MeZO
MeZO copied to clipboard
Cannot reproduce the results for RoBERTa on SST-2
Hello,
Thank you for your fantastic work. When I ran the codes for RoBERTa on SST-2, I found the results could not be reproduced.
For instance, for FT (full parameter fine-tune) with Adam, running
TASK=SST-2 K=16 SEED=42 BS=8 LR=5e-5 MODEL=roberta-large bash finetune.sh
gets val_acc = 0.90625, and test_acc = 0.84518
When I try smaller learning rates, the results are worse.
But Table 16 in the paper claims the acc should be 91.9. Is it acc on test_set or val_set? If it is on test_acc, it seems difficult to reproduce.
The results for MeZO are worse.
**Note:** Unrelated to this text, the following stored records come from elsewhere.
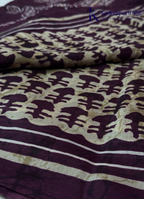 Kadamparii Silk beige semi tussar silk printed saree with wine colour pattern and matching striped border, displayed on a white background.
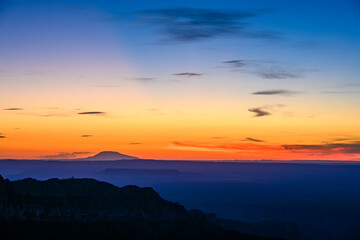 Colorful sunrise over mountain landscape as viewed from Point Imperial, Grand Canyon National Park north rim, Arizona

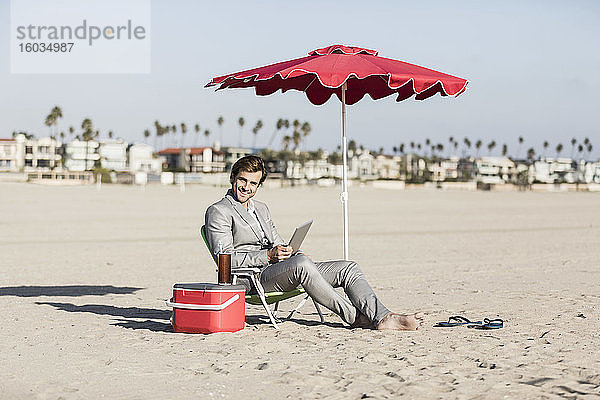 Porträt eines glücklichen barfüssigen Geschäftsmannes  der am sonnigen Strand arbeitet  Los Angeles  Kalifornien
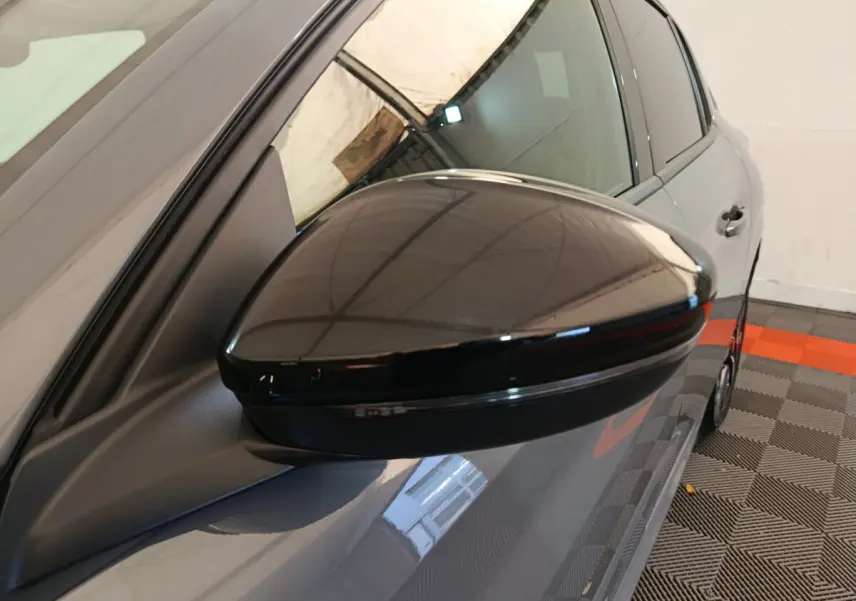 Rétroviseur noir côté gauche sur Peugeot 208 gris foncé, vue rapprochée du profil avant du véhicule.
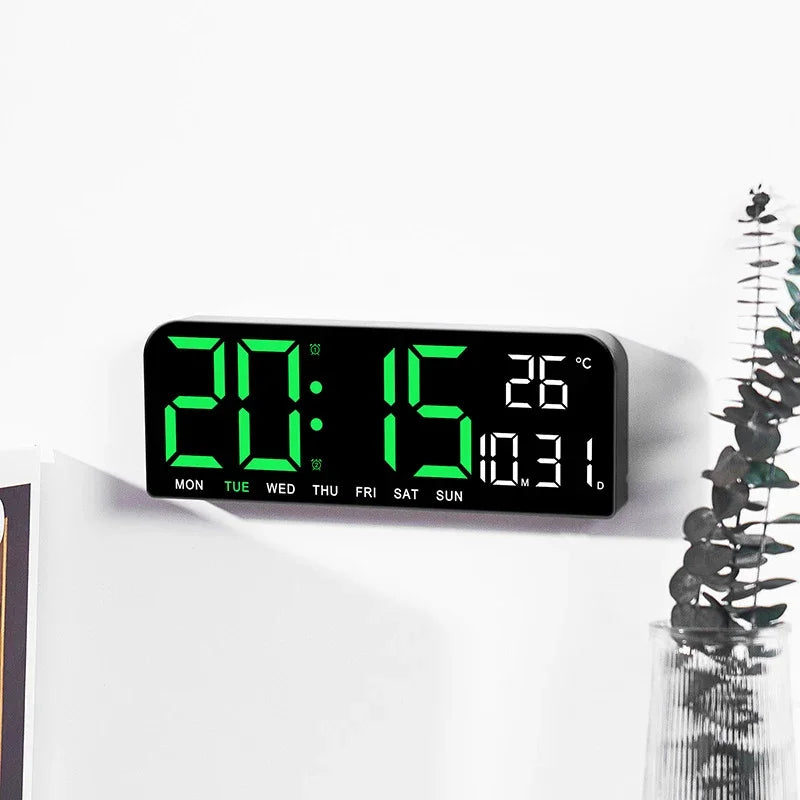 A black LED digital wall clock displaying the time 20:15 and a temperature of 26 degrees Celsius.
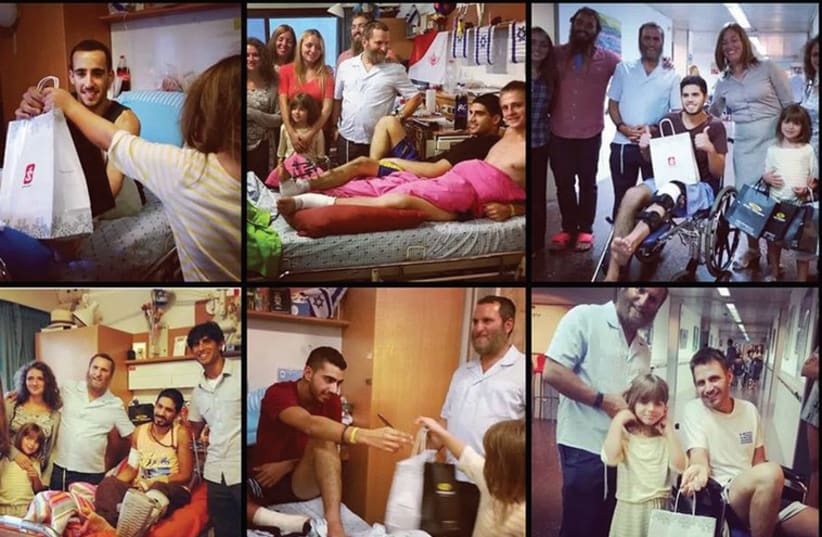 THE BOTEACH family visiting wounded soldiers at Sheba Medical Center (photo credit: Courtesy)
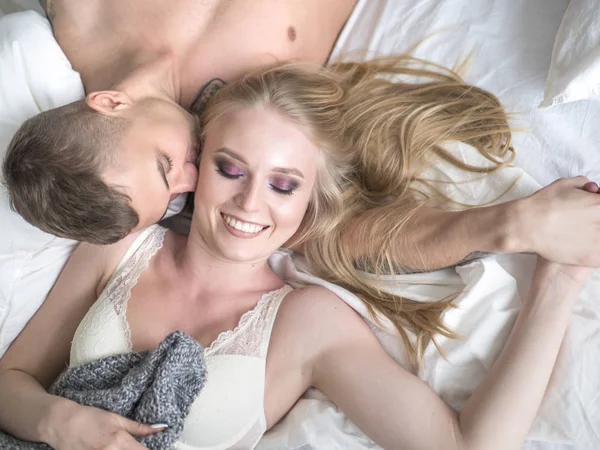 Pareja joven acostada en la cama hombre besando mujer sonriente. Amor y concepto de relaciones — Foto de Stock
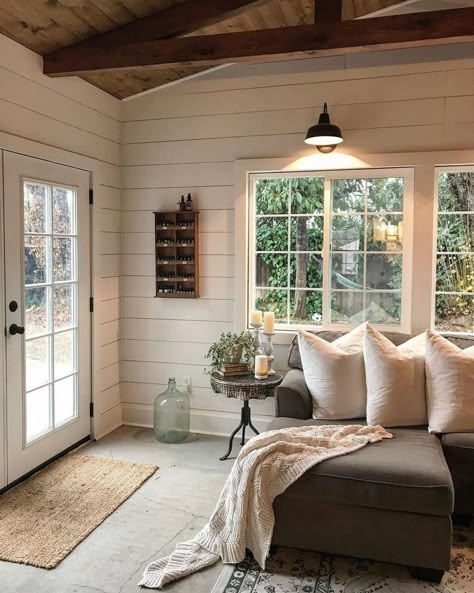 Cozy living room with sectional sofa, pillows, and natural light through large windows, featuring rustic decor elements.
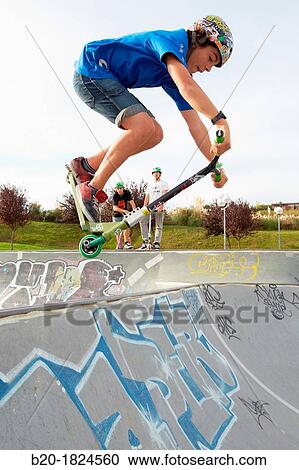 Teenager with city scooter in Skate park, Leioa, Bizkaia, Basque Country, Spain View Large Photo Image Stock Image - Teenager with city scooter in Skate park, Leioa, Bizkaia, Basque Country, Spain. Fotosearch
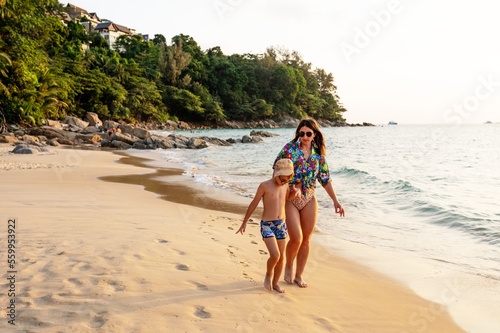 Obraz na płótnie Children and adult women walking on the Nai Thon beach in Phuket w salonie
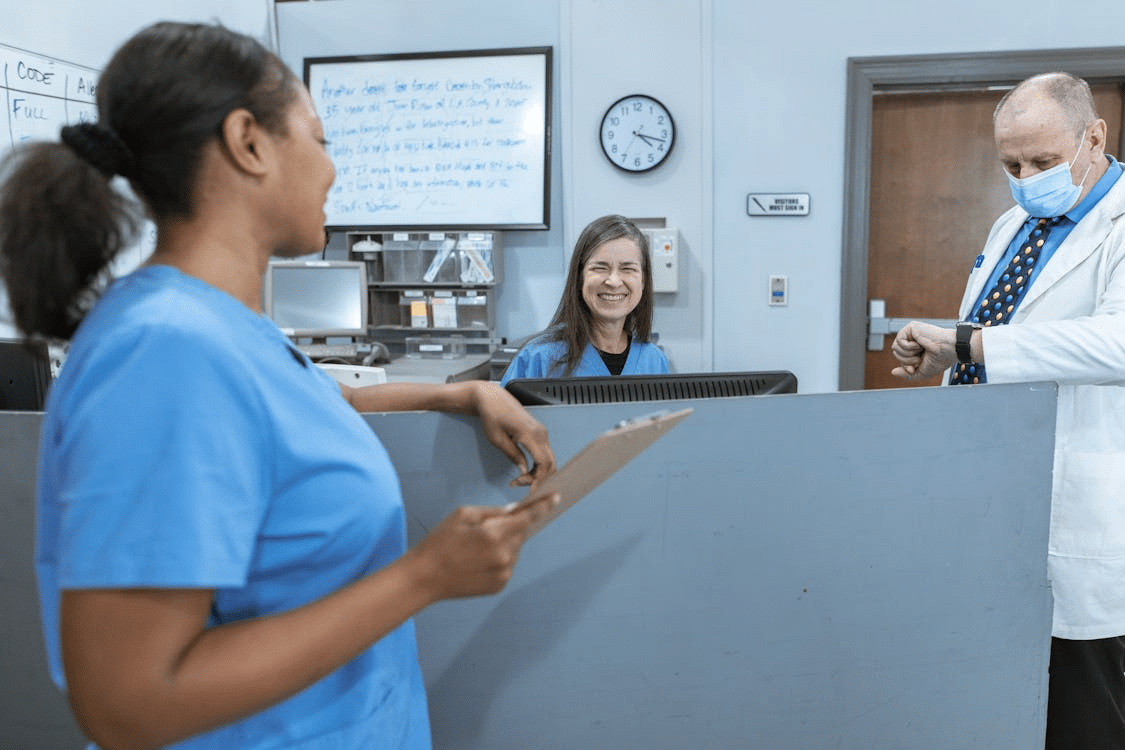 Nurses and doctor discussion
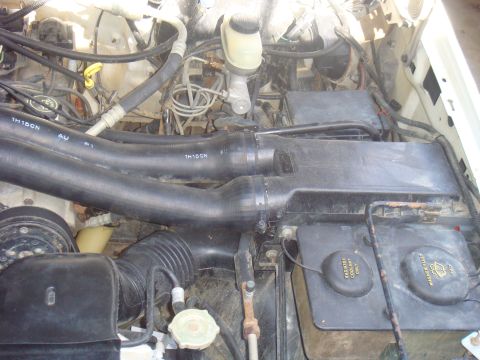1992 Ford Bronco - Close-up view of an engine bay, showing hoses, fluid reservoirs, and other engine components.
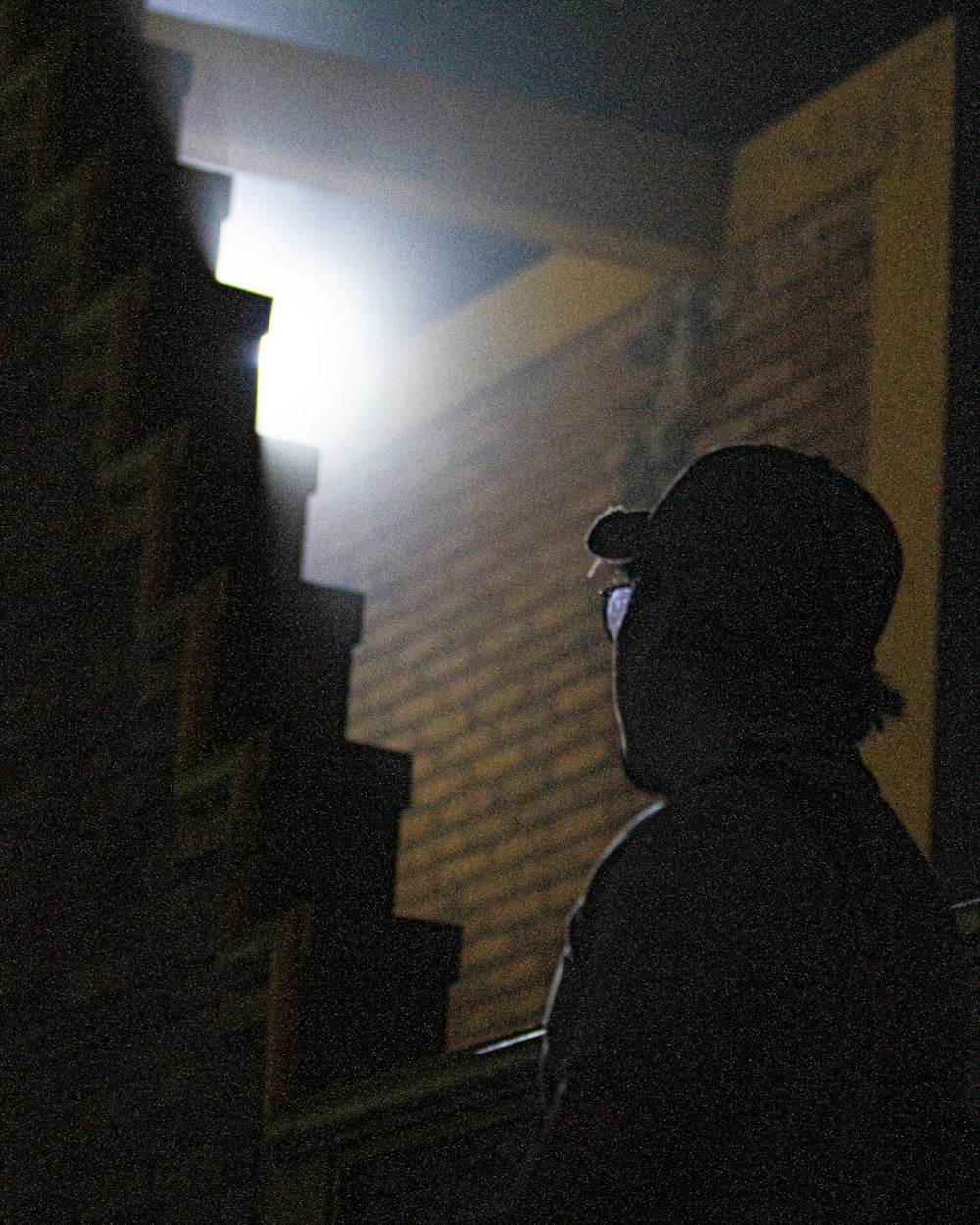 a person standing in front of a building at night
About eval_acc < 0.8 when I run
TASK=SST-2 K=16 SEED=42 BS=64 LR=1e-5 EPS=1e-3 MODEL=roberta-large bash mezo.sh
Can the authors provide more details on the best hyper-parameters? I would be very grateful for that.
Best regards,
Hi,
The example script we provided is not necessarily the best hyperparameter setting (just a hyperparameter setting that can usually get good results so it would be a good starting point for you to try). To reproduce the results, please follow our appendix D.3 for the complete grid search.